Ici, en pleine jungle d’Asie.
Une arme neuve. Chère. A la ceinture d’un misérable coureur des bois.
Mais ce n’était pas le moment de s’interroger sur ce mystère.
Pas l’heure. Pas l’heure du tout.
Je cognai sur le toit avec la crosse de mon fusil.
– Kim, qu’est-ce que tu fous ?
Je l’entendis hurler, en-dessous de moi, la voix assourdie par l’épaisseur de la ferraille.
– Haig, ça marche pas !… Le démarreur… ça marche pas !
Ce bon dieu de démarreur électrique qui choisissait son heure pour nous laisser en rade !
Les salopards ouvrirent le feu.
A volonté, le feu. Fusils réglés en rafales continues. A fond les chargeurs.
Une pluie de métal s’abattait sur nous. Les balles rebondissaient sur la tôle du bateau, claquaient, miaulaient, nous jetaient dans un enfer paniquant.
Couché sur mon toit, aplati au maximum, avec le désir fou de m’enfoncer dans la tôle, j’eus le réflexe de tourner la tête et de hurler en direction de Bang :
– Manivelle, Bang, manivelle !…
Il comprit immédiatement et bondit de son poste au fond de la cale. Je le vis disparaître vers le trapon qui menait au moteur.
Une paire de secondes plus tard, Marisol fit irruption de la cale et prit sa place à la proue, accroupie, une Kalachnikov dans les mains.
Combien de fois lui avais-je répété qu’en cas d’attaque, son rôle était de se planquer au plus profond de sa cabine et d’attendre que les choses se passent ?
– Non, Marisol !
Elle secoua négativement la tête tout en armant son AK avec d’un geste précis de soudard expérimenté.
– Marisol, à fond de cale !
Elle secoua de nouveau la tête.
– C’est un ordre !
Elle m’adressa un doigt d’honneur, épaula et tira une rafale de trois balles.
Je laissai tomber.
Qu’est-ce que je pouvais y faire ?
Je tirai à mon tour.
Je les voyais bien, maintenant.
Le chef, le petit costaud au poignard de sioux, se tenait derrière son espèce de grosse souche de bois recouverte de mousse. Il se levait, tirait une balle de son Tokarev, beuglait des encouragements à ses hommes d’une voix aiguë qui portait jusqu’à nous et se recroquevillait, le temps d’échapper à nos tirs, avant de se relever de nouveau.
Il y avait les deux premiers que j’avais vus, à mon réveil, ce matin. Ils étaient planqués derrière le groupe de rochers. Les espaces entre les pierres leur faisaient des meurtrières naturelles. Ils n’avaient pas besoin de se découvrir. Avec du bol, on pourrait peut-être éliminer les autres, mais ceux-là étaient intouchables. Ils tiendraient toute la journée, s’il le fallait.
Quatre étaient cachés dans l’épaisseur des roseaux, se levant et se rabaissant par groupes de deux. L’un de ceux-là était plus grand que la moyenne. Un échalas très maigre, aux côtes apparentes, torse nu, en short, coiffé d’une casquette chinoise à étoile rouge.
Enfin, allongé sur une branche, il y avait un gars très jeune, à peine un adolescent, qui maniait un fusil d’assaut à chien, une antiquité qui devait dater de la guerre mondiale.
Et ces enfoirés ne cessaient pas de tirer !
Qu’est-ce qu’ils voulaient ? Epuiser d’un coup leur stock de munitions ?
Ils n’avaient aucune chance de nous avoir.
Même si l’un ou l’autre, ou même plusieurs d’entre nous y passait, il en resterait toujours un ou deux capables de se planquer derrière les tôles épaisses.
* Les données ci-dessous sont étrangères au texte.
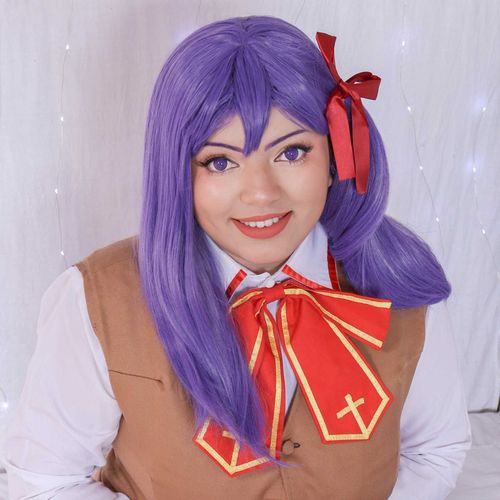 @natsumejessi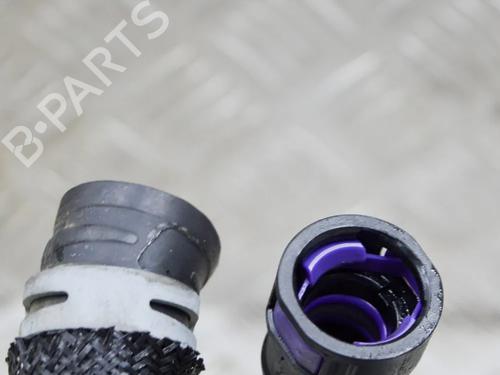 Pipe LAND ROVER DISCOVERY V (L462) D300 MHEV 4x4 | BP27758259M125 - Image 4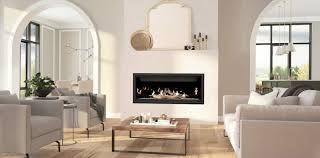 Fireplaces Archives We Love Fire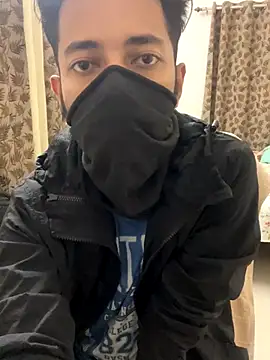 Snapshot of jo_rodriguez chatting on November 2025 01:39:01 PM jo rodriguez online show from November 2025 01:39:01 PM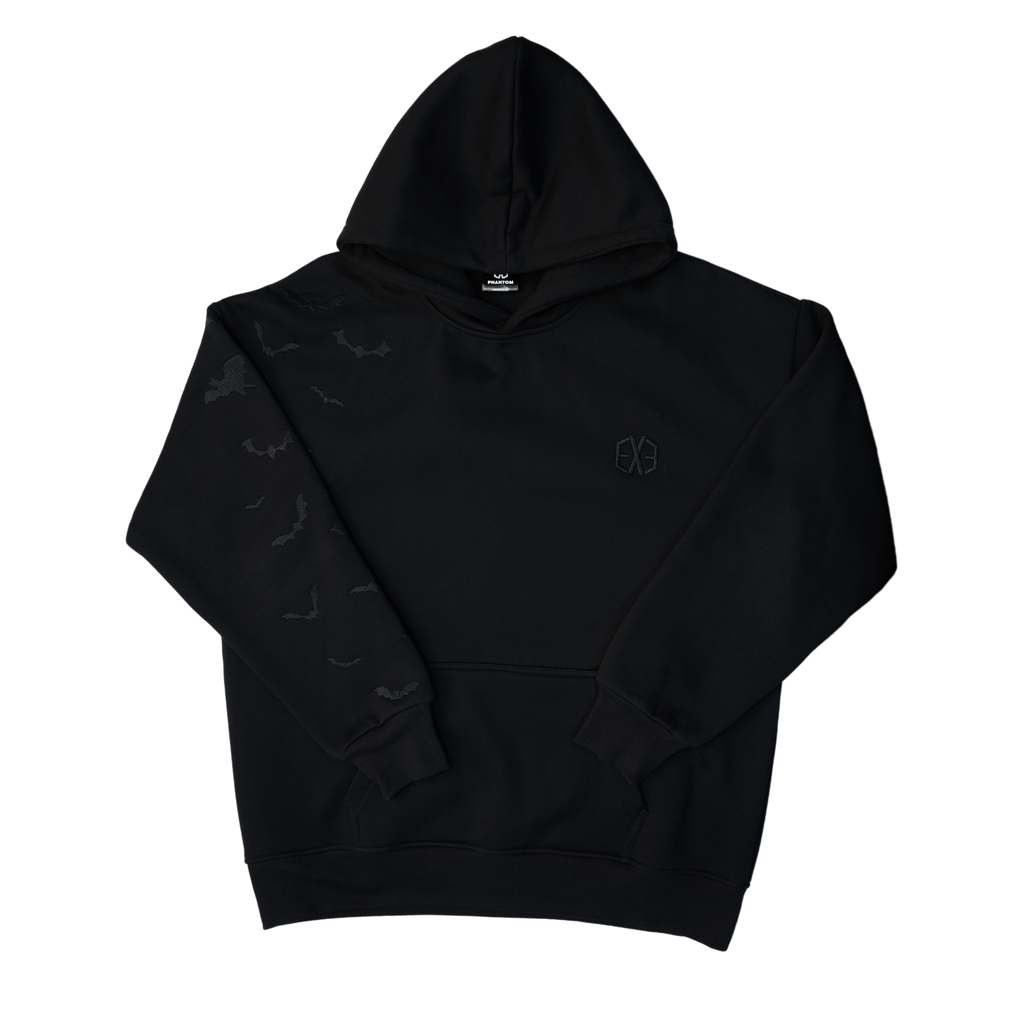 hoodiefrontv3_1024x1024.png?v=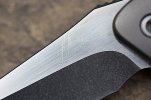Will Moon Mk6 Knife-3 2.jpg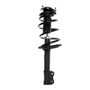 PRT Suspension Strut and Coil Spring Assembly P/N:818905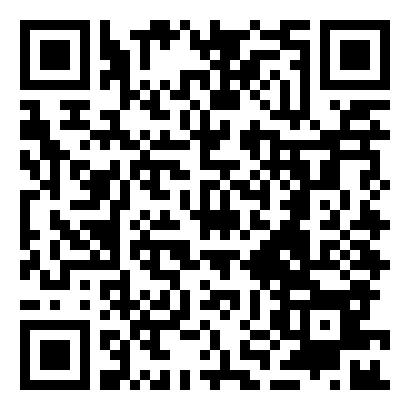 移动端二维码 - 对近十年后端架构发展的思考 - 廊坊生活社区 - 廊坊28生活网 lf.28life.net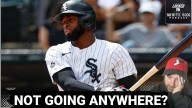 White Sox GM Stands FIRM on not trading Luis Robert Jr. | Future owner Justin Ishbia finally talks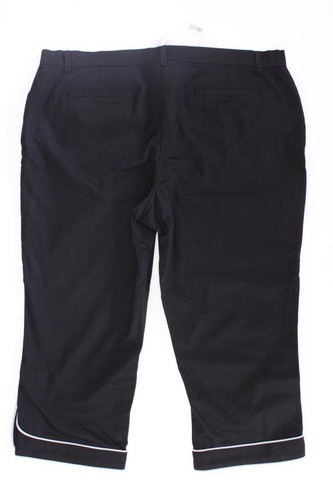 Mia linea 8 hose - linea,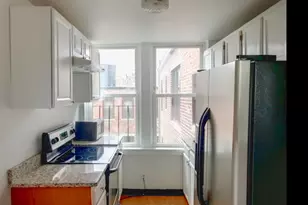 1880 Commonwealth Ave, Boston, MA 02135 - Photo 11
Le moteur toussa. Brave Bang !
Une deuxième toux. Et ça y était… Je hurlai à Marisol :
– Relève l’ancre !
Elle lâcha son arme, empoigna la chaîne et se mit à tirer comme une sauvage. Brave fille !
– Kim, les gaz, à fond !
Aussitôt, le moteur rugit. La Marie-Barjo s’élança en avant. Brave rafiot !
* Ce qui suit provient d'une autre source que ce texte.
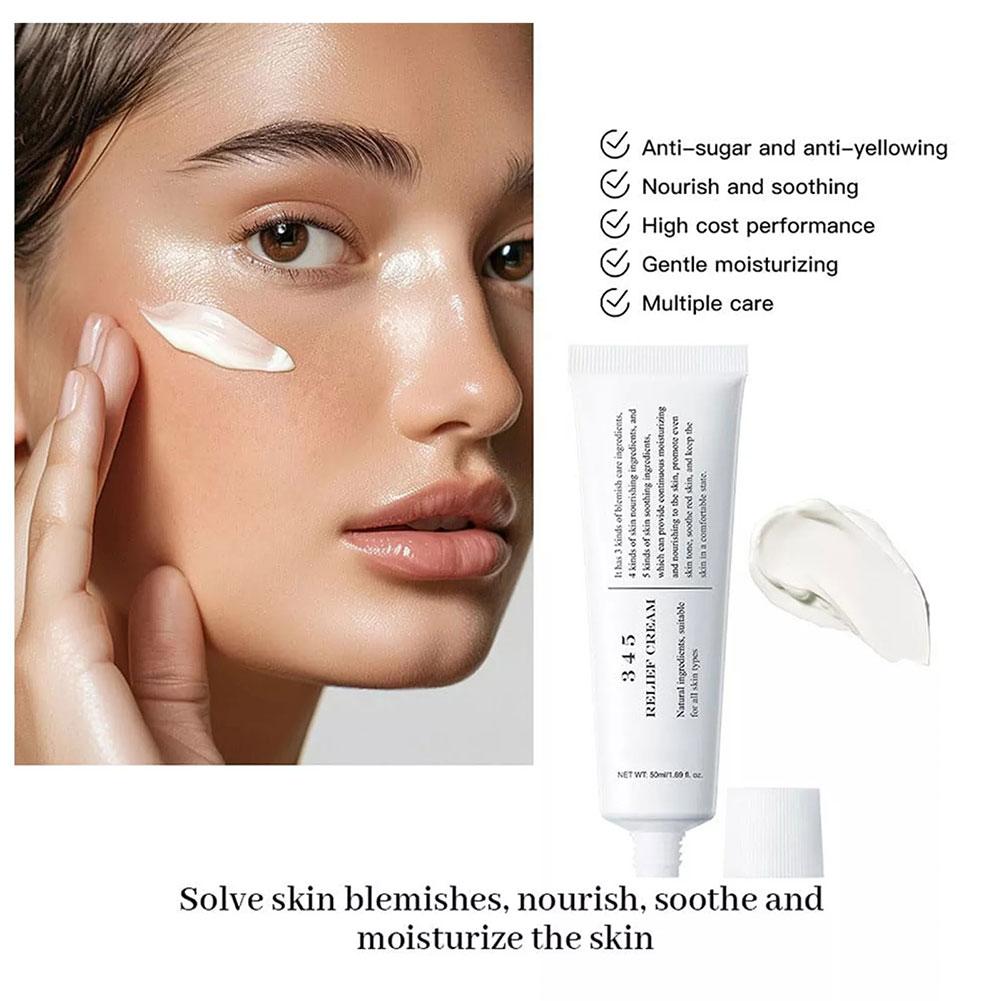 Многофункциональный антиоксида – обзор и цена Ceramide Moisturizer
On s’éloignait déjà de nos assaillants quand le grand maigre torse nu nous envoya quelque chose, une boule, qui passa au-dessus de moi et tomba dans la cale.
Une grenade.
Le bruit de l’explosion, dans cette caisse de métal fut énorme.
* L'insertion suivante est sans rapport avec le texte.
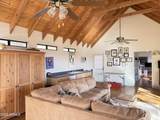 6358 Mountain View Road - Photo 23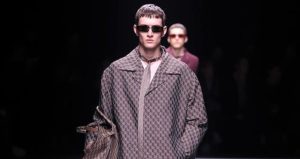 Gucci a Firenze per presentare la collezione Cruise 2026: “Celebriamo le origini”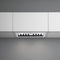 FALMEC FIMAS46B9SS3 Built-in 46" (116 cm) 1000 CFM Hood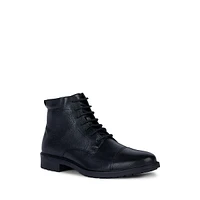 Men's Kapsian Ankle Boots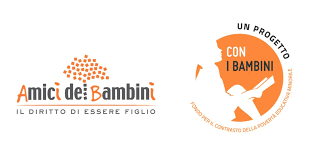 Amici dei Bambini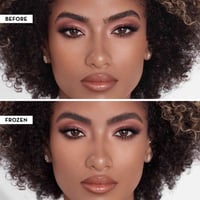 انستازيا شمع حواجب براو فريز 8 جم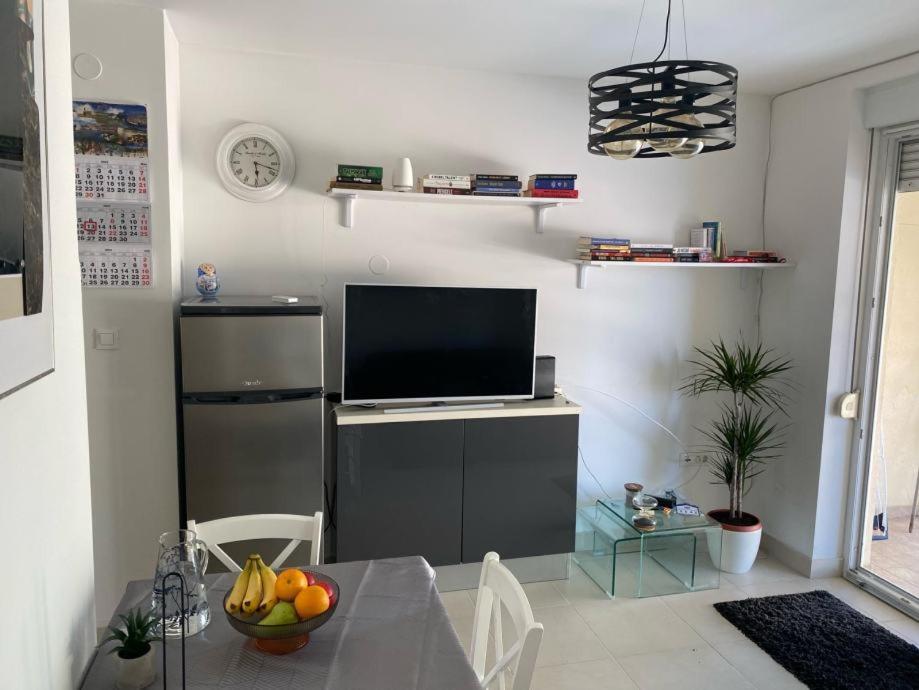 Apartman Anami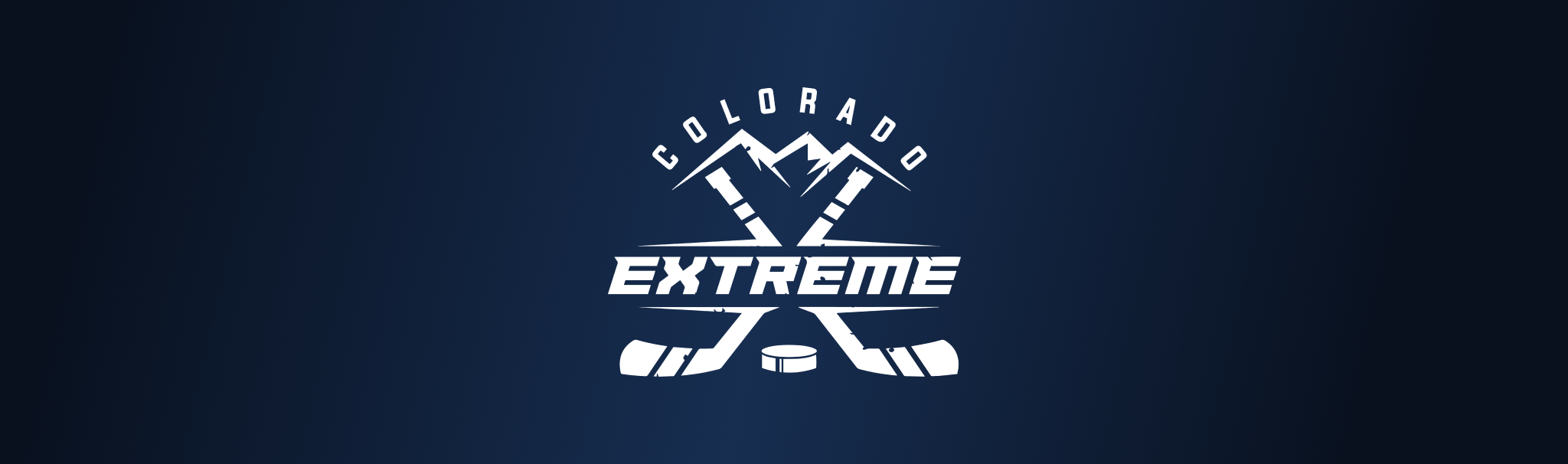 Resources Colorado Extreme Hockey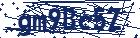 captcha here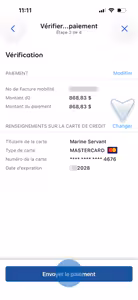 credit_card_payment_7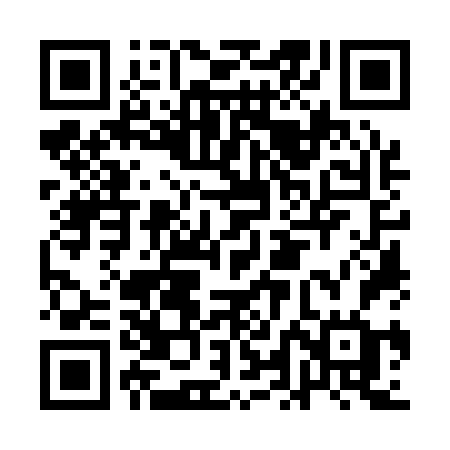 QR code for ALO16G
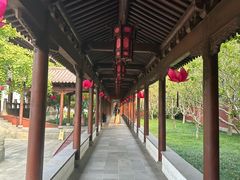 -钱王祠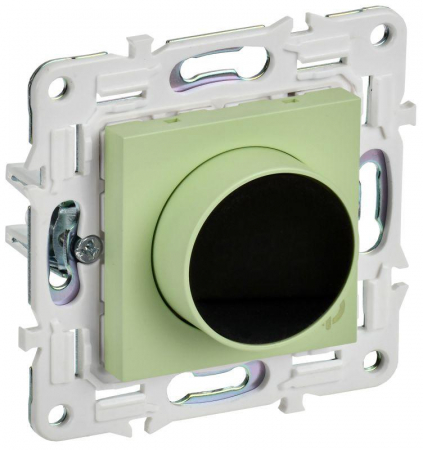  SK-RT11-K06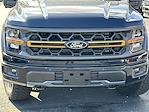 2025 Ford F-150 SuperCrew Cab 4WD Pickup for sale #KWF250913 - photo 40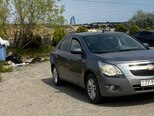 Chevrolet Cobalt-2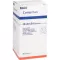 COMPRILAN elastisch verband 12 cmx5 m, 1 stuk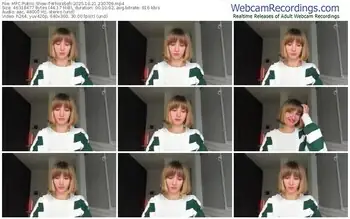 myfreecams-whoissofi-10-21-2025-23-07-09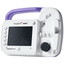Kangaroo OMNI Enteral Feeding Pump 385400 from NewLeaf Home Medical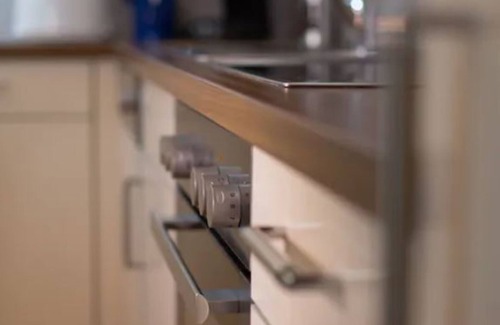 Arrach Apartment | "Haus Osserblick" - Rest - Switch off - Recharge your batteries - Apartment Riedelstein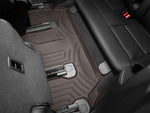 FORD_Explorer_6Passenger_22_4715755_Original_20file.jpg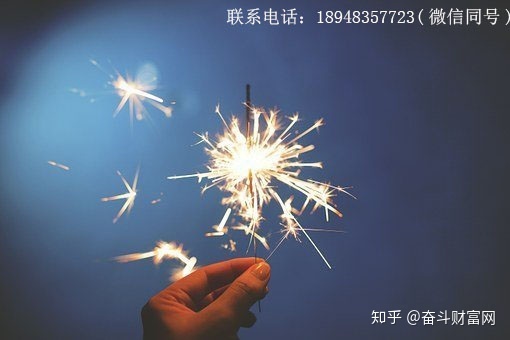 淘宝补拍邮费可以退吗(淘宝邮费补拍对店铺影响)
Choqué, les oreilles sifflantes, je vis avec horreur Bozo se dresser d’un bond, une de ses grenades à la main.
– Bozo, non !
Il la dégoupilla et la lança vers les roseaux. Trop court. Elle tomba dans l’eau où elle sauta avec un bruit sourd, soulevant une gerbe de flotte et d’écume.
Sur la berge, le grand maigre épaula. Je vis les trois flammes de son tir. Une des balles rebondit sur la timonerie et me fila devant en sifflant. Une autre se perdit dans la nature. La troisième fit exploser la tête de Bozo.